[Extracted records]

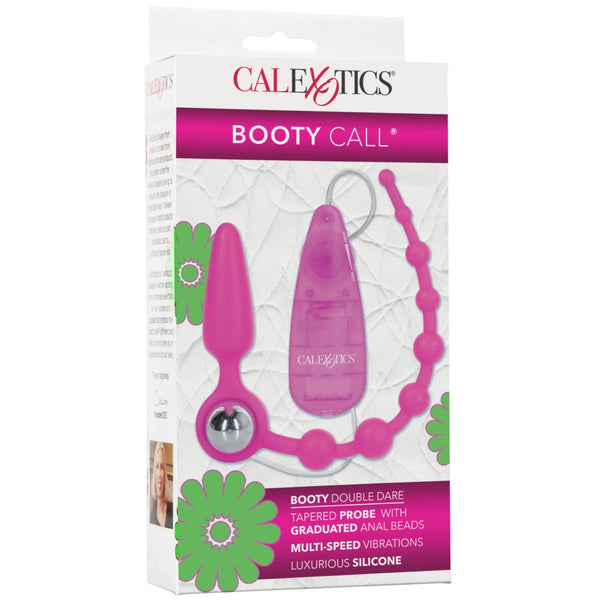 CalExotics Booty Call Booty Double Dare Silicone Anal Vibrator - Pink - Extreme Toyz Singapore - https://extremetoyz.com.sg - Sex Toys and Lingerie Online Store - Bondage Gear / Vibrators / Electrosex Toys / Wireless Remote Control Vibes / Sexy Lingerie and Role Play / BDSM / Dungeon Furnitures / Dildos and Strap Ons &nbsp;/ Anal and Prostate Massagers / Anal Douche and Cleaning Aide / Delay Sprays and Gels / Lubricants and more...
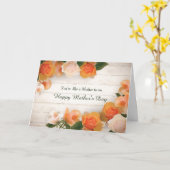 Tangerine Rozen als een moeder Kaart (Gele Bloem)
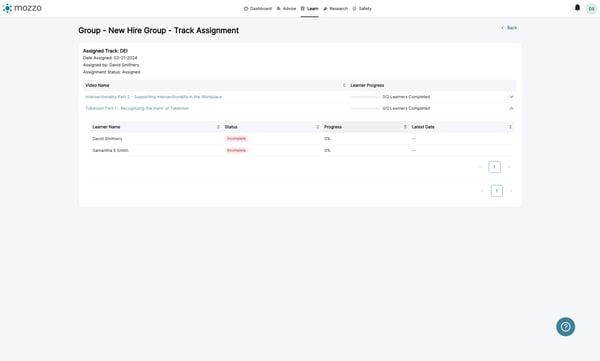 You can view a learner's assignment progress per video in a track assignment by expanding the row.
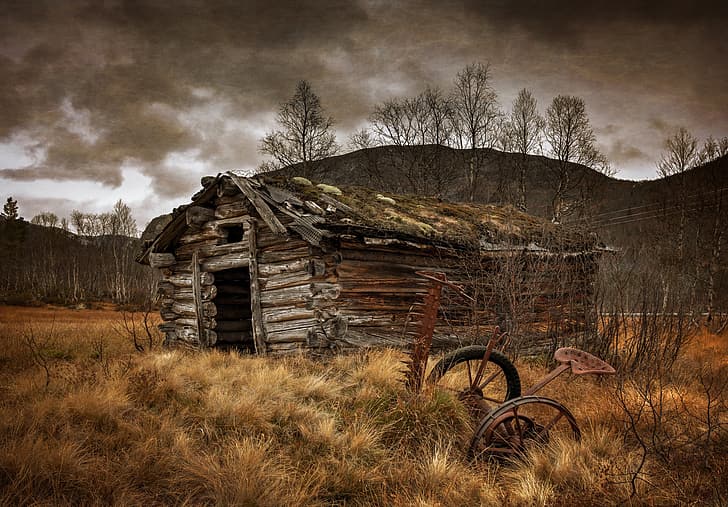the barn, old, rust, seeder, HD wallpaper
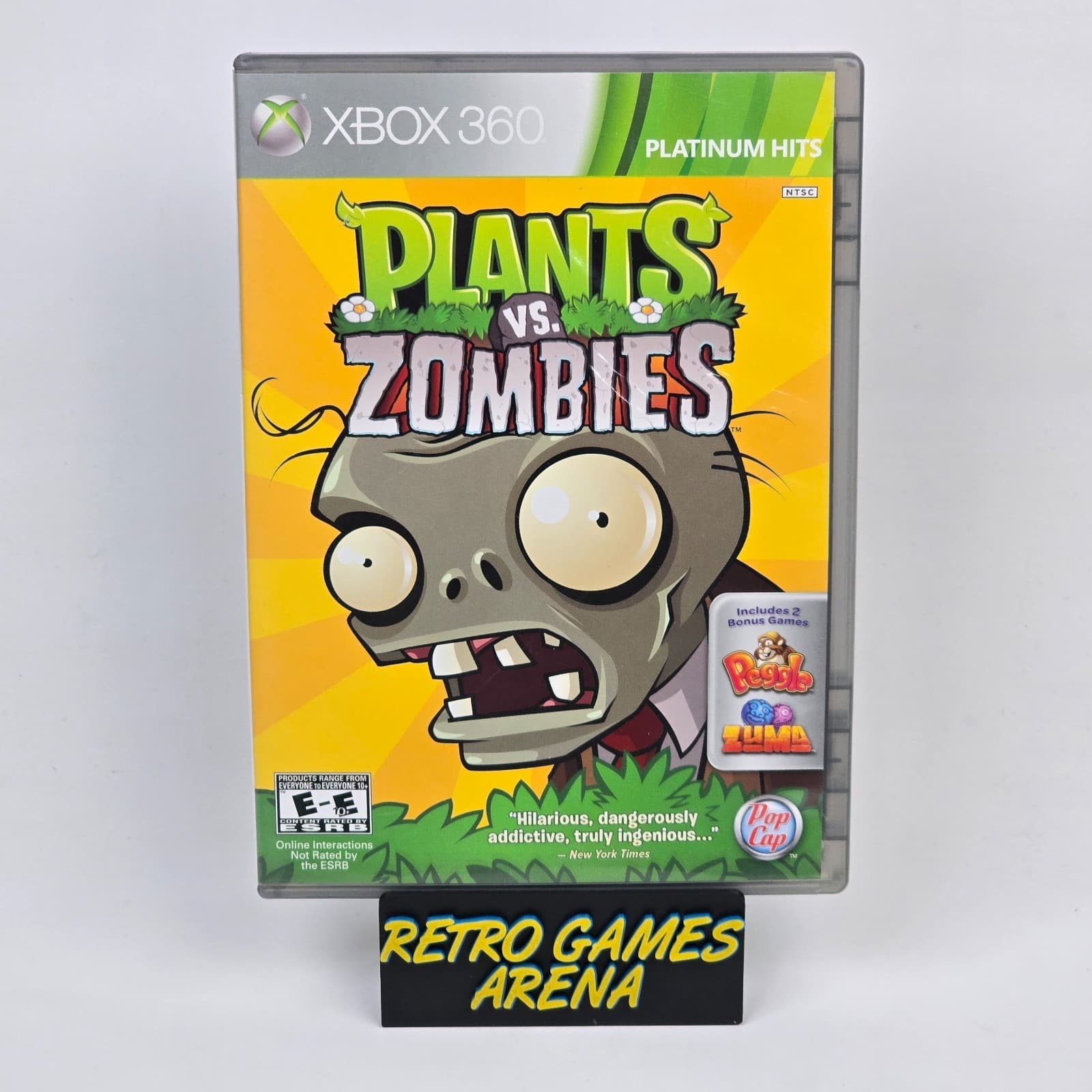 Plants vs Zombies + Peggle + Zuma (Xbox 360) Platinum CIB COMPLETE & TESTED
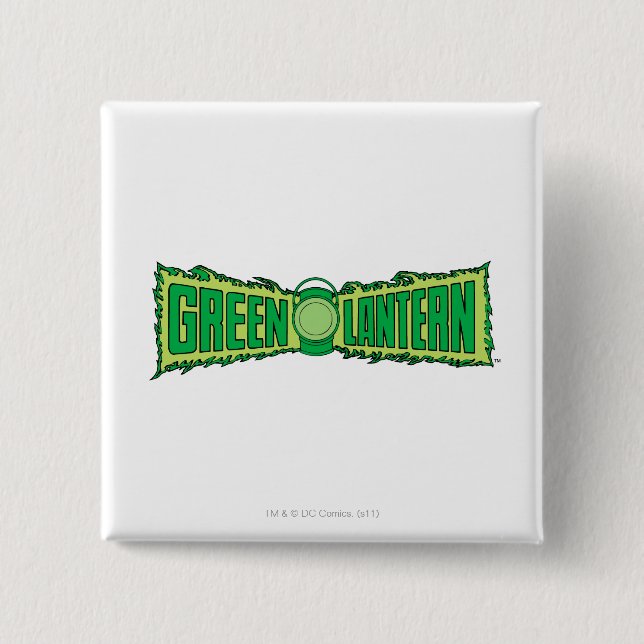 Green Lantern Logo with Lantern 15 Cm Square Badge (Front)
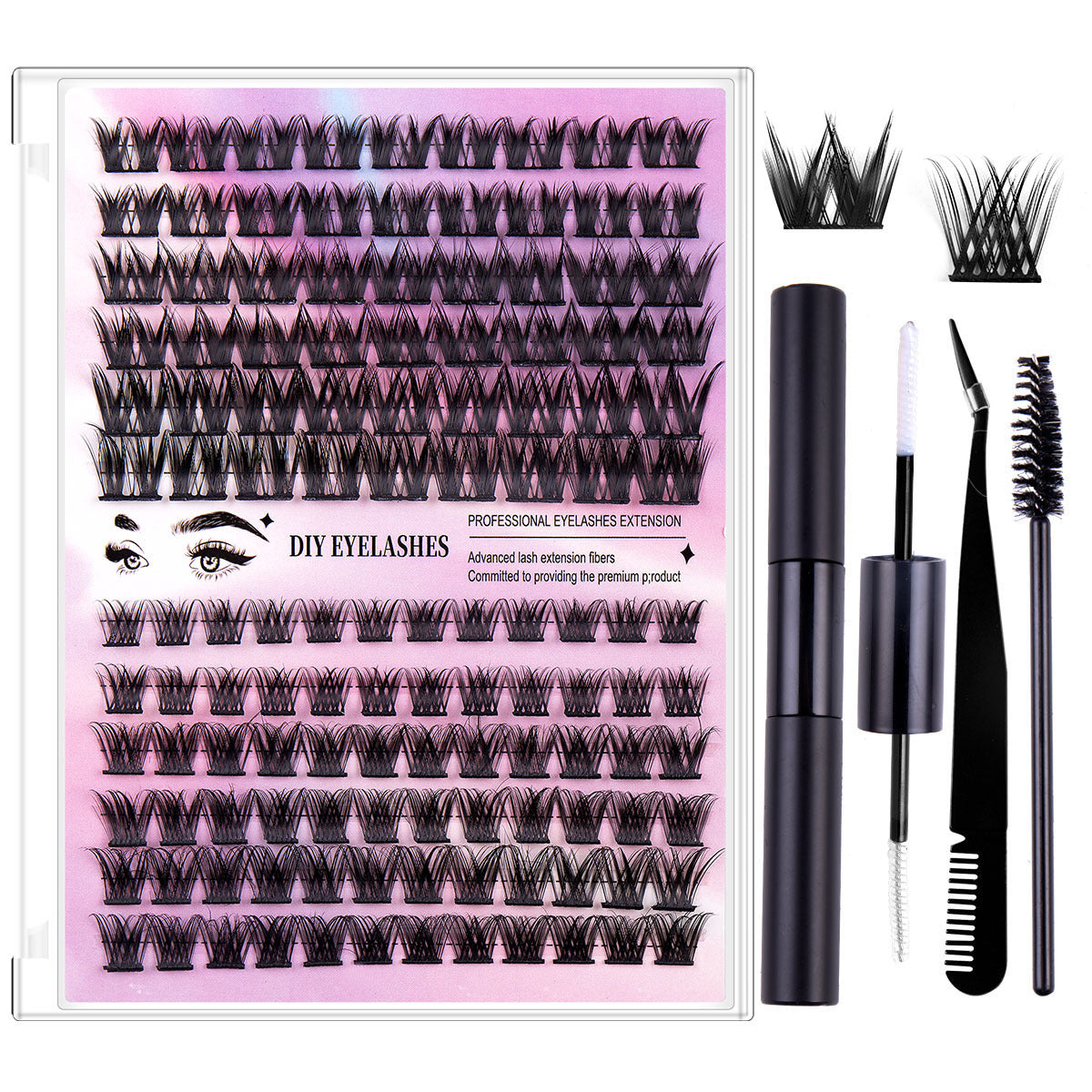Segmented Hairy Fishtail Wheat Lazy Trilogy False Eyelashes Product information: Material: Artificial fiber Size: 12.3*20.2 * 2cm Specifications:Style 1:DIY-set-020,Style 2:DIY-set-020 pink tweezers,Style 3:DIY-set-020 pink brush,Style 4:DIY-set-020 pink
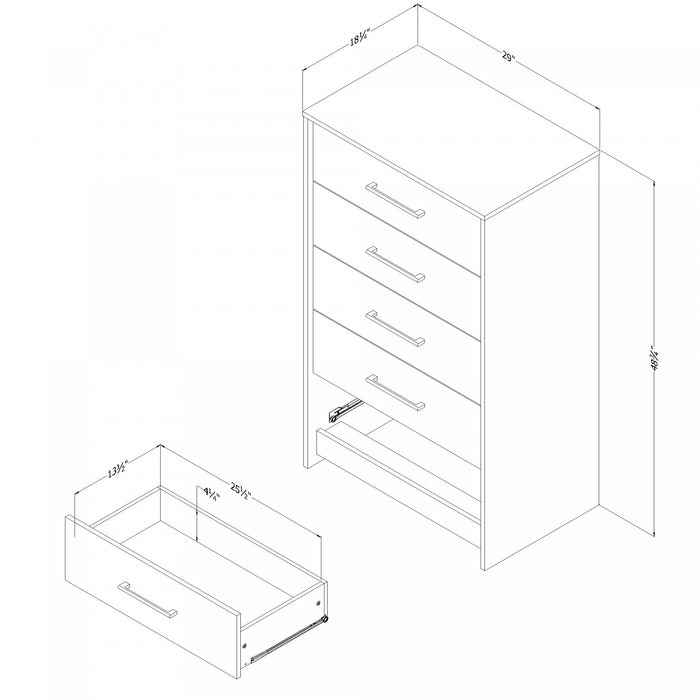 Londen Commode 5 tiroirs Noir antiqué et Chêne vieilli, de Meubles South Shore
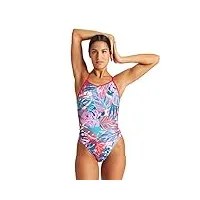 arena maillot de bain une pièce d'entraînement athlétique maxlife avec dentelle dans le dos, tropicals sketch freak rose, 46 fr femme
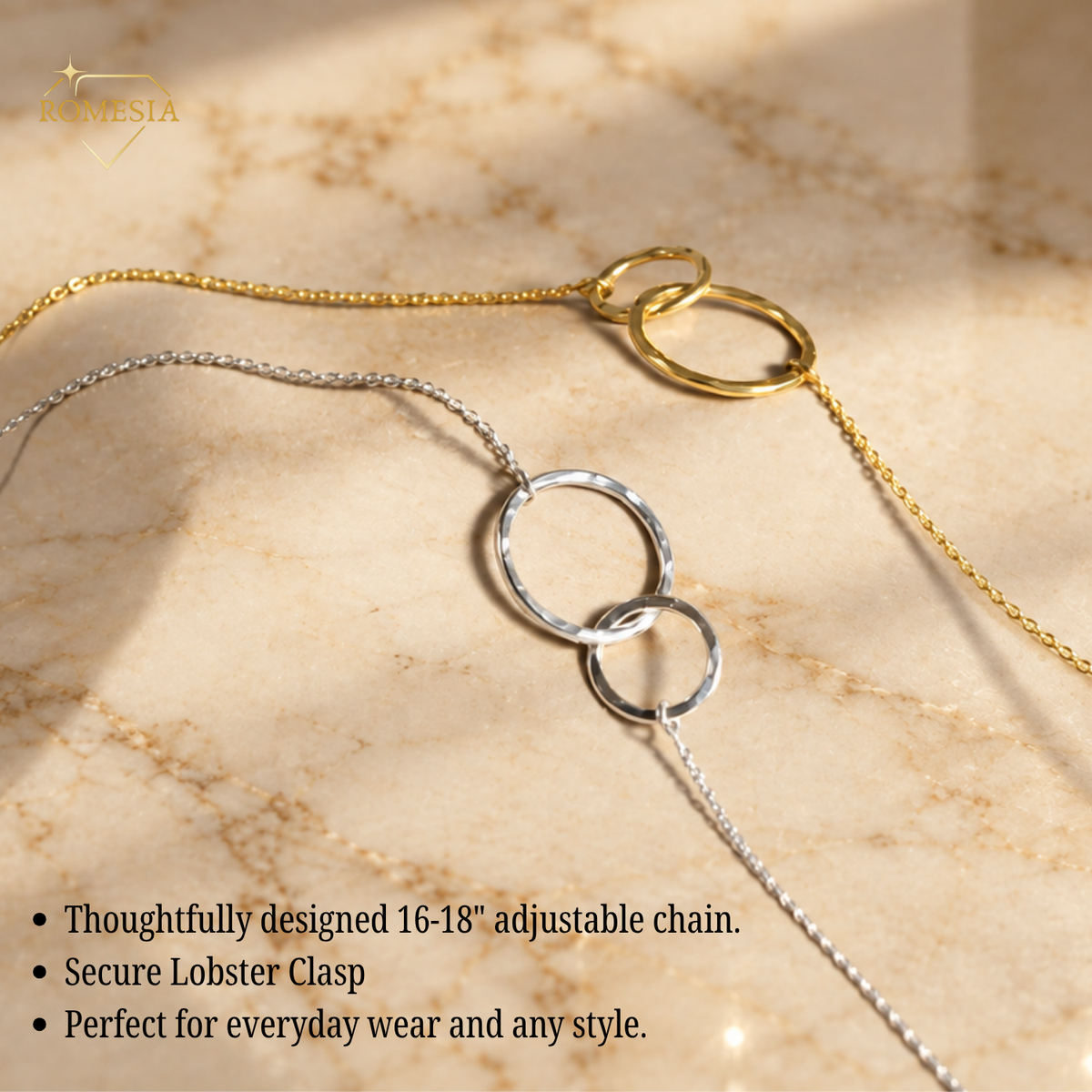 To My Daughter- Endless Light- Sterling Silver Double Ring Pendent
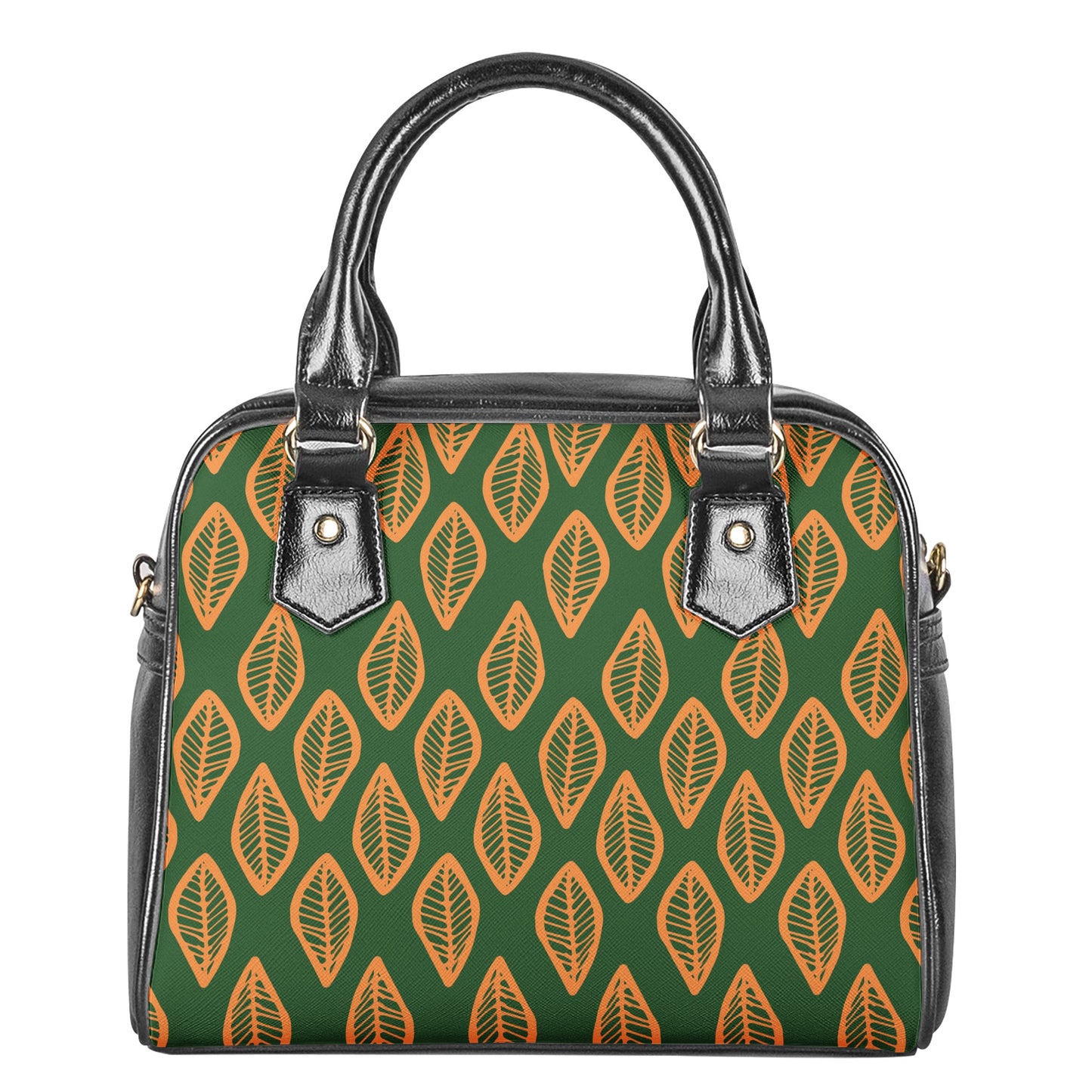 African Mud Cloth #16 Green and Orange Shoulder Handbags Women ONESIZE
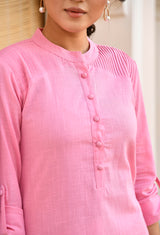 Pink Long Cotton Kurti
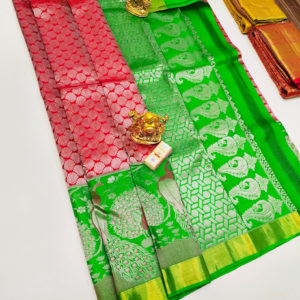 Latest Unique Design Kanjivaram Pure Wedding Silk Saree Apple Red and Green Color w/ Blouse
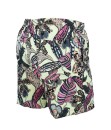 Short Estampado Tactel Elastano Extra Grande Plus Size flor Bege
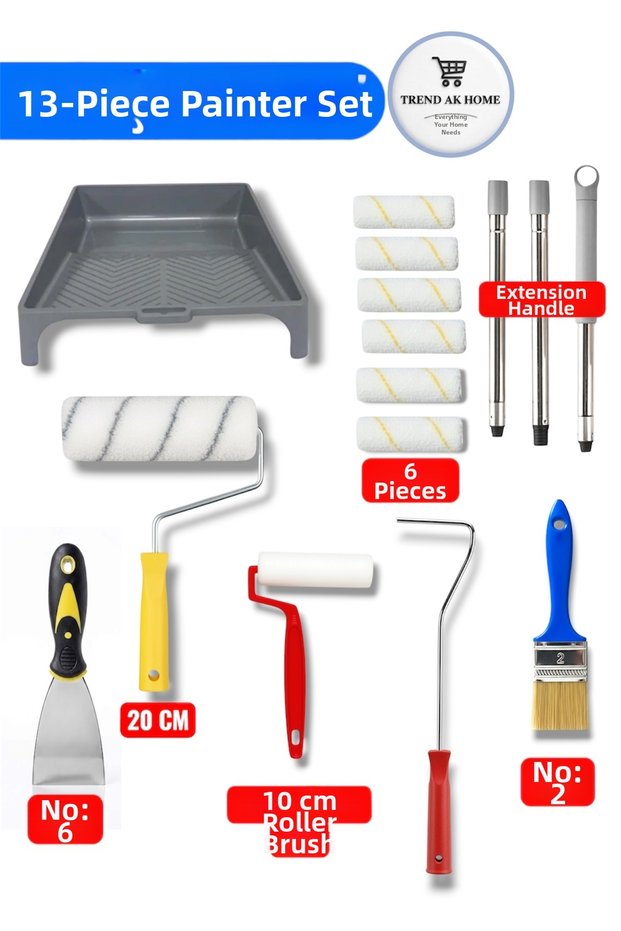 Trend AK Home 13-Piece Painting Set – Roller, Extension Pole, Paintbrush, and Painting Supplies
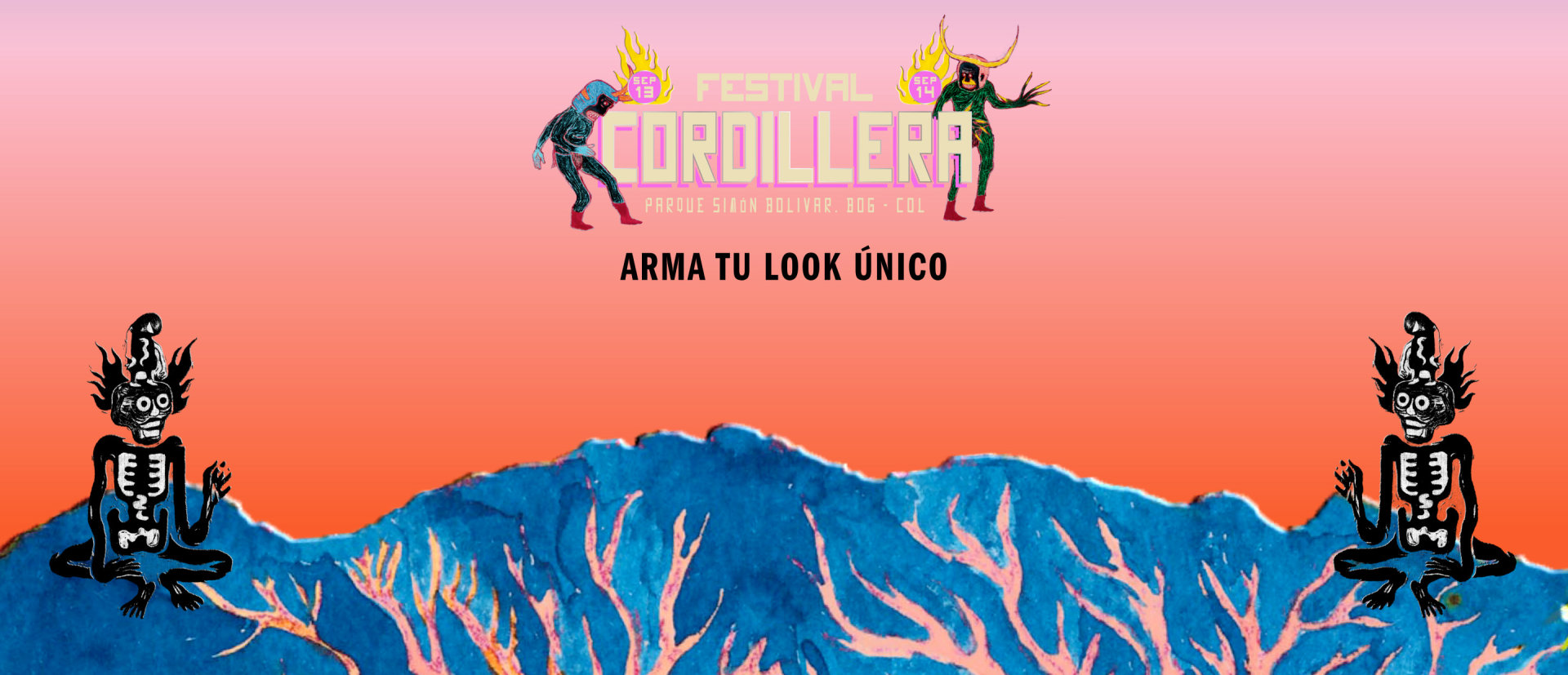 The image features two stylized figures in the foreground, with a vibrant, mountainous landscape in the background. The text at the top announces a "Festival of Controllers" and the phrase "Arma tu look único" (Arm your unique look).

- [TASK STATEMENT]: Both the line containing "African Mud Cloth" and the line containing "Short Estampado Tactel" above belong in the output, as do the lines between them. Print them exactly, without pictures.

- [RESULT OF THIS EXERCISE]:
 African Mud Cloth #16 Green and Orange Shoulder Handbags Women ONESIZE
 Pink Long Cotton Kurti
 Latest Unique Design Kanjivaram Pure Wedding Silk Saree Apple Red and Green Color w/ Blouse
 Short Estampado Tactel Elastano Extra Grande Plus Size flor Bege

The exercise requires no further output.